Twilio, the $2.4 billion Silicon Valley darling, is trying to reinvent fax (TWLO)
Twilio, the $2.4 billion Silicon Valley company behind one of 2016's hottest IPOs, specializes in helping apps and websites send text messages and make phone calls.
If you've ever gotten a text from Uber that your car is on the way, or made an anonymous call to a would-be paramour via eHarmony, you've used Twilio. The company likes to bill itself as building the future of communications.
So it seems a little weird that, today, Twilio launches Programmable Fax, a new service that lets programmers enable their apps to send and receive faxes. Like, from a fax machine. In 2017. Weird, right?
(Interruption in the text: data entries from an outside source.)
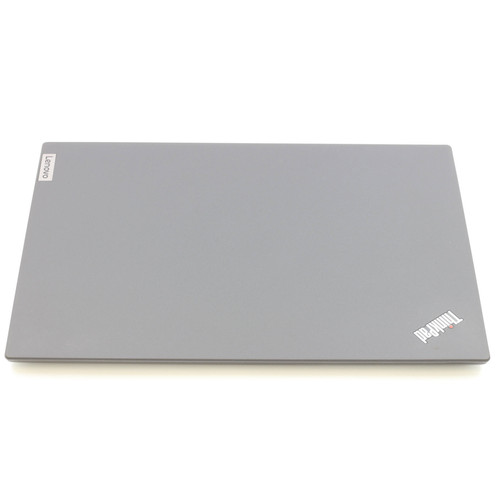 Lenovo Thinkpad T14s Gen 2 felújított laptop Ryzen 5 Pro 5650U 16GB RAM 256SSD 14" FHD WIN11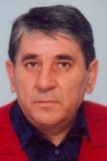 Tomislav Jukić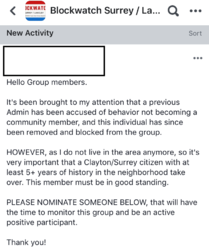 Blockwatch Surrey17.png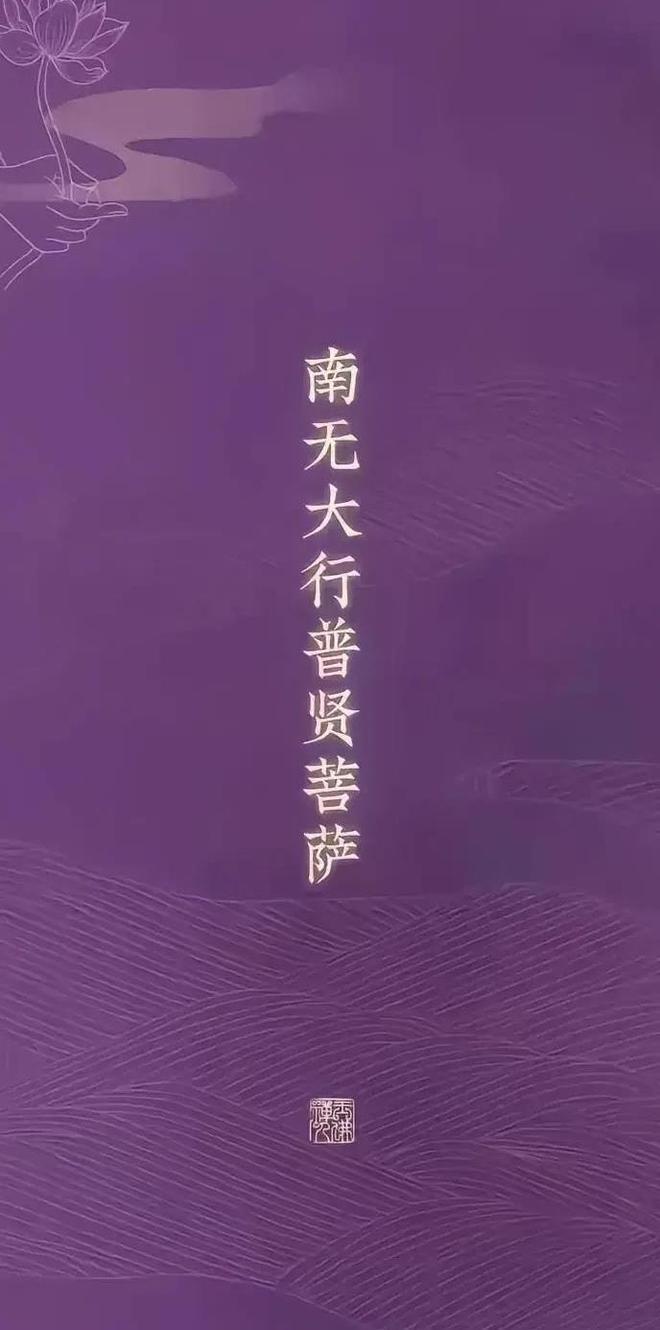 元灵_五行元灵完本_征途五行元灵碎片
"Fax is probably not what you think of, when you think about the future of communications," says Twilio VP of Product Patrick Malatack.
But Malatack explains that, no matter how old-fashioned it may seem, a lot of companies in a lot of industries still rely on the trusty old fax machine. In real estate and law, important paperwork often still needs to be sent via fax for legal reasons; large restaurant or catering orders are sent via fax.
So by building a service that makes it much easier for hot new apps to send faxes, it's actually bridging those two worlds.
For instance, the New York-based pizza delivery app Slice is using this Twilio Programmable Fax in its app — users place their order in the app, and it gets sent via fax to the pizzeria, the same way they've been taking orders for years. It brings the old and the new together.
And while there were services out there that let you receive faxes via e-mail, it's not exactly the same thing: This lets programmers build faxing into their own apps, the way they want to. It's not totally crazy, thanks to Twilio's new service, that you could see Amazon Alexa skills that fax off a dictated note.
In case you were wondering: No, this isn't an April Fool's Joke, though Malatack does note the "ironic" timing.